Where I have highlighted in yellow, it says USE TABBY. What that means is that after every pattern shot, you want to use the alternating tabby shot to secure your pattern weft. So when you break down the treadling pattern step by step:

  1. Tabby shot: 1,3
  2. Pattern shot: 1,4
  3. Tabby shot: 2,4
  4. Pattern shot: 1,2
  5. Tabby shot: 1,3
  6. Pattern shot: 2,3
  7. Tabby shot: 2,4
  8. Pattern shot: 3,4
  9. etc...

At first, when I thought I understood this, I tried to weave overshot by using the same weight yarn in the warp and weft.

This piece was woven with an overshot pattern using the same yarn in both the warp and weft.
This piece was woven with an overshot pattern using the same yarn in both the warp and weft.
This is the draft I wove it from.
This is the draft I wove it from.

Which leads me to my next lesson: Your pattern weft must be heavier than your tabby weft.

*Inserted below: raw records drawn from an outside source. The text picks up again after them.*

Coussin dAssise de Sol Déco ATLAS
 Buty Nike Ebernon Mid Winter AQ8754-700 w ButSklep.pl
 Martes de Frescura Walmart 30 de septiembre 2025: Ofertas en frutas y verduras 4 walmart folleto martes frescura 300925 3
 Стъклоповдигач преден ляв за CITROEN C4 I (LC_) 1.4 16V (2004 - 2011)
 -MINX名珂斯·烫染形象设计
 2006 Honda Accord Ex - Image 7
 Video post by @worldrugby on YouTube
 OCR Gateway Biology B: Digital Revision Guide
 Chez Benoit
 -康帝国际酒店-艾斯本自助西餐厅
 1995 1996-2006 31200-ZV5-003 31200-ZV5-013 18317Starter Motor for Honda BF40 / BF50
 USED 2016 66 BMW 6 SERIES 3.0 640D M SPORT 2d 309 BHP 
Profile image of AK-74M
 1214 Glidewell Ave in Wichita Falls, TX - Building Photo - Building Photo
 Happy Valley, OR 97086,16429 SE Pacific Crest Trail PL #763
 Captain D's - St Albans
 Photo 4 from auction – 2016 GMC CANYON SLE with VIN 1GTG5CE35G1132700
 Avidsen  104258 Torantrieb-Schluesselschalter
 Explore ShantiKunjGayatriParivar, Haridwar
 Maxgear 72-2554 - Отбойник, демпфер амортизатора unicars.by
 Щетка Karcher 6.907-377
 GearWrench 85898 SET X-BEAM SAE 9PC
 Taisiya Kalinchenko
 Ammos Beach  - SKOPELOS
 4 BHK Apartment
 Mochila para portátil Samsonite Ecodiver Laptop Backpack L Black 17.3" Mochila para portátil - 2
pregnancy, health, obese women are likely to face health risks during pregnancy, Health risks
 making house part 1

So potentially what I wove above would have worked if I had doubled or tripled the pattern weft and left the tabby weft the same. Instead, by using the same weight through-out, made the pattern weft just as much a part of the structure as the tabby weft. Having a heavier pattern weft, allows the yarn to be pushed above the smaller tabby weft, so it covers what is woven below it. This means that after the cloth is woven, you could basically snip away the pattern wefts and the fabric will still be solid because of the packing of the finer tabby weft.

Simple diamond overshot.
On this simple diamond overshot, I switched from using the same size pattern weft to a heavier weft. You can see the difference in the strength of the pattern.
Closeup of simple diamond overshot.
Here is a close up of that change. You can see that instead of being an integral part of the weaving, the pattern weft is just floating over top of the tabby threads.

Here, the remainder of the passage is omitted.